■ EXERCISE REQUIREMENTS ■
In the listing below, find the line with "A young kid" and the line with "Driver records white", then return them and every line between them exactly, minus the pictures.

■ PROVIDED RECORDS ■
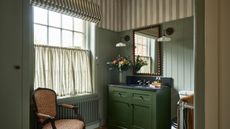 A green paneled powder room with striped wallpaper ceiling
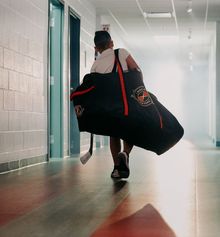 A young kid walking into Hockey Etcetera with a hockey bag over his shoulder and a hockey stick in hand
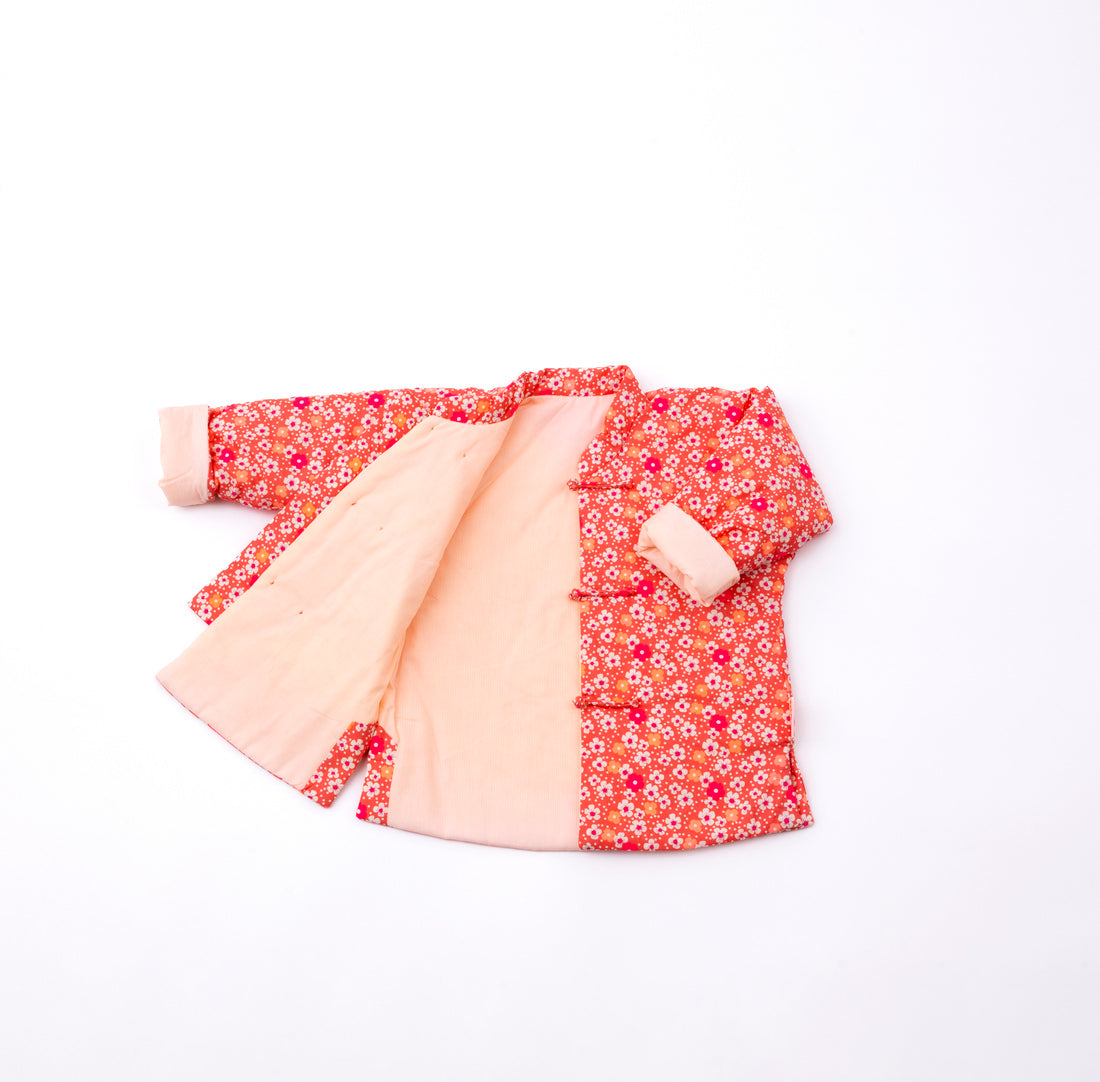 Veste molletonnée enfant Fleurs des îles rose sables
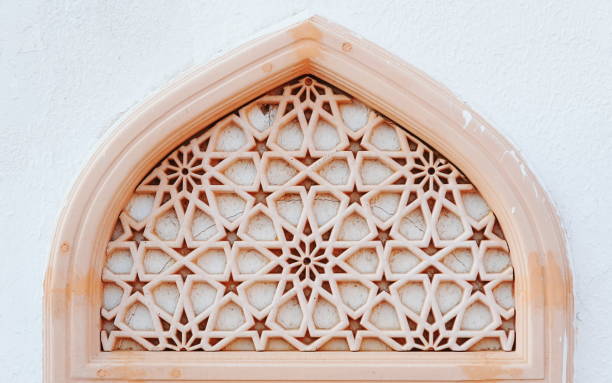 istock Intricate Stone Lattice Window Arch Close-Up View 2176104170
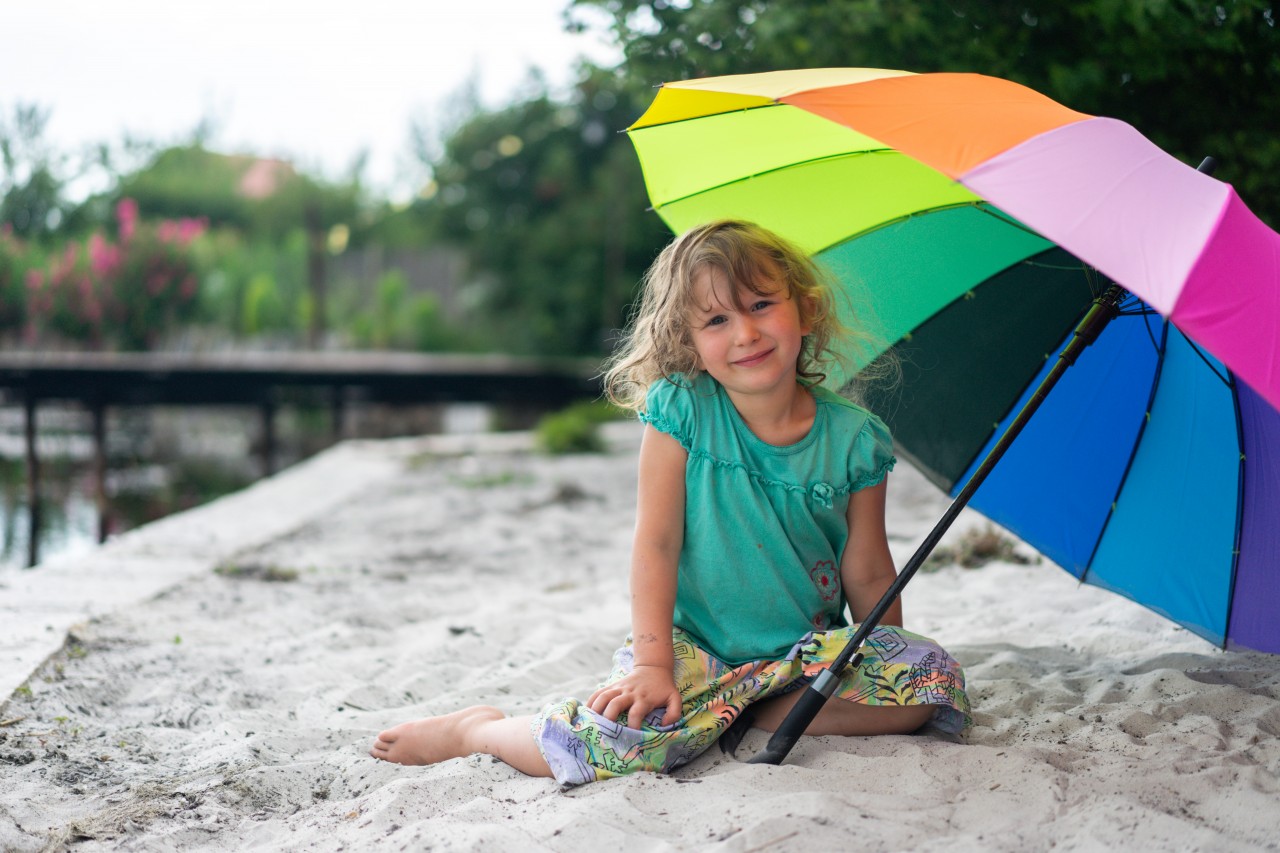 Little girl sitting under umbrella at the beach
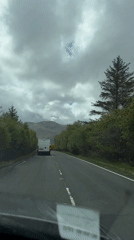 Driver records white van on tree-lined road toward hills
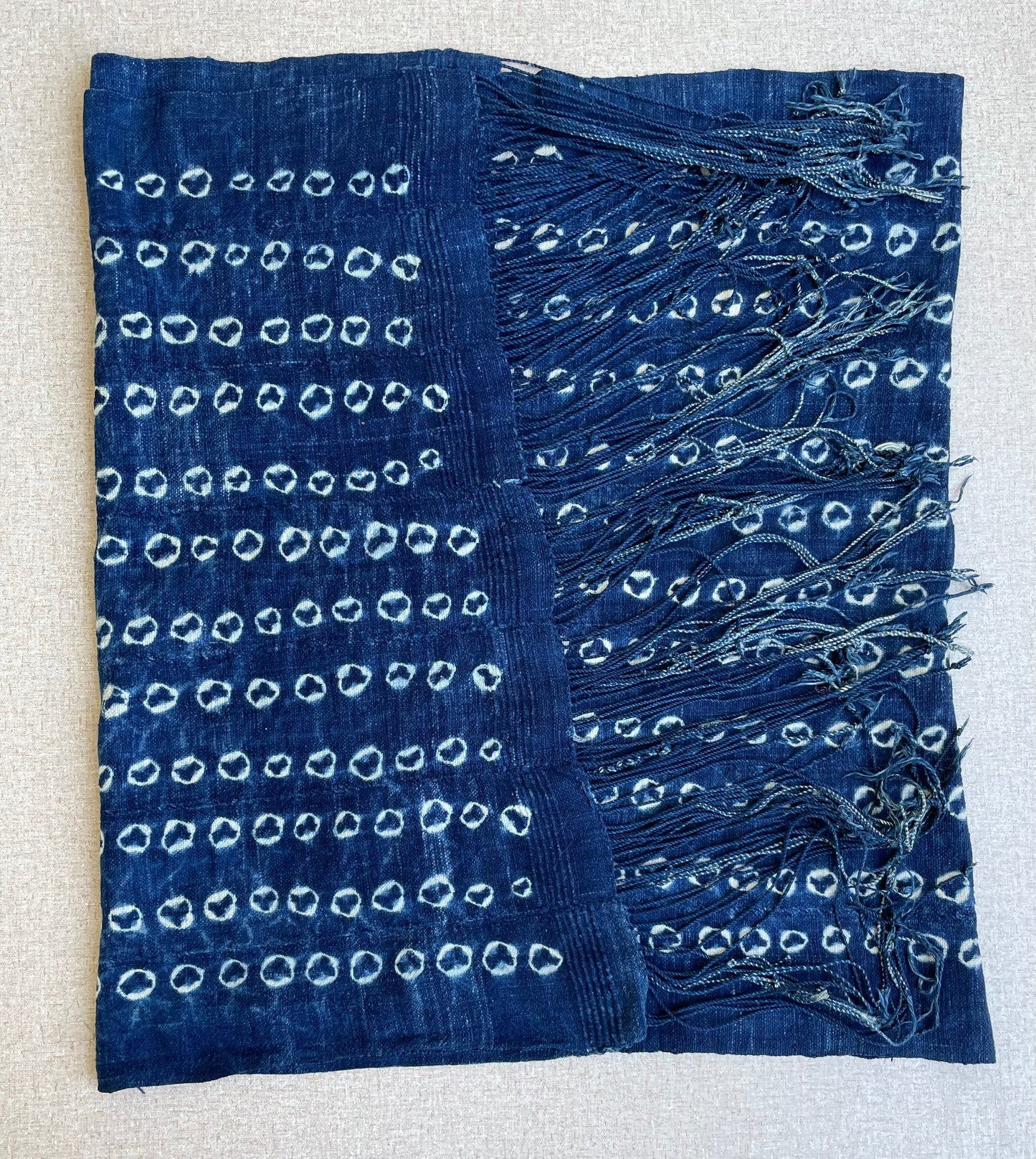 Handcrafted Textiles - Artisan Designed - Handcrafted African Art Textiles - Home Decor - Living Spaces - Mix Colors - Bold Patterns - Traditional Designs - African Culture - This Indigo Shibori Tie Dye Cotton Fabric is a stunning combination of African textile and hand-dyed color. Expertly crafted with attention to detail, this beautiful scarf provides long-lasting durability and a unique flair to any ensemble. Length: 63 inches Width: 24 inches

■ REPLY ■
 A young kid walking into Hockey Etcetera with a hockey bag over his shoulder and a hockey stick in hand
 Veste molletonnée enfant Fleurs des îles rose sables
 istock Intricate Stone Lattice Window Arch Close-Up View 2176104170
 Little girl sitting under umbrella at the beach
 Driver records white van on tree-lined road toward hills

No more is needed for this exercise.